Identification of the medicinal species and the potential substitutes
All of the known medically important species could be identified using our proposed DNA barcodes, i.e., ITS + rbcL or ITS alone (Table 7; Figs. 3–4). Moreover, some species such as S. bogedaensis, S. glandulosissima, S. polycolea, S. wettsteiniana, and S. orgaadayi could be identified with the cp DNA barcodes (Fig. 5). This high rate of success was unexpected because some species such as the two species in the S. obvallata complex (S. glandulosissima and S. sikkimensis) have been morphologically confused for many years and they were only separated very recently (Raab-Straube, 2017). Their distinction is indicative of difference in bioactive components. Therefore, our results caution against their indiscriminating usage in medicine.

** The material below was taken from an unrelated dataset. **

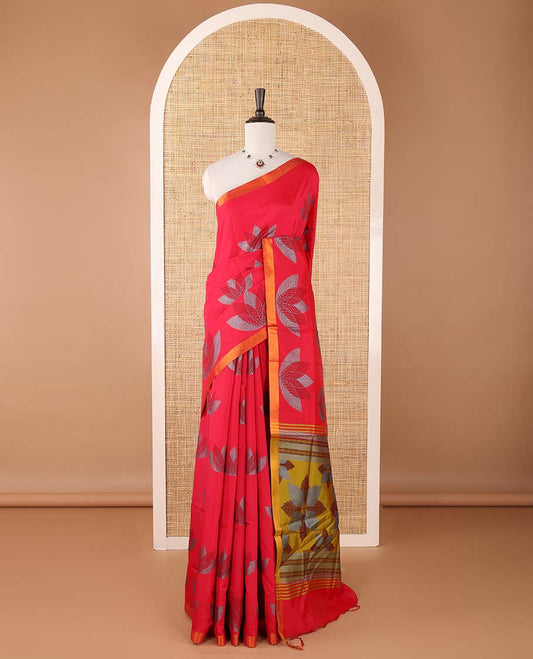Pink leaf motifs printed micro-silk saree, zari border, contrast eight-petal-like leaf printed pallu & plain green blouse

Barcode sequences can also help to identify substitutes for medically useful species because closely related species might possibly share the same or similar secondary metabolites and bioactivities (Zhou et al., 2014). Thus, we propose that nine of the 15 medically useful species might be substituted by their close relatives according to the molecular phylogenetic context. Six of these species, which formed three groups, are also morphologically similar, i.e., S. involucrata and S. orgaadayi or S. bogedaensis, S. globosa and S. erubescens, and S. wettsteiniana and S. glandulosissima (Fig. 3) (Raab-Straube, 2017). Among the remaining three species, S. bracteata appears to be closely related to S. pubifolia whereas S. iodostegia and S. nigrescens are closely related to each other according to phylogenetic tree (Fig. 3). These affinities were not expected according to their morphology, but they are possibly due to convergent evolution or radiation in Saussurea (Wang et al., 2009). Secondary metabolomes or bioactivities are wanted to confirm their similarity.
Conclusion
Based on the sequence statistics, inter- and intraspecific distances, SPIDER, and phylogenetic analyses, it is concluded that internal transcribed spacer (ITS) + rbcL or ITS + rbcL + psbA-trnH could distinguish all of the species, while the ITS alone could identify all of the 15 medical plants. However, the species identification rates based on plastid barcodes were low, i.e., 0% to 36% when analyzed individually, and 63% when all four loci were combined. Thus, we recommend using ITS + rbcL as the DNA barcode for S. subg. Amphilaena or the ITS alone for medical plants.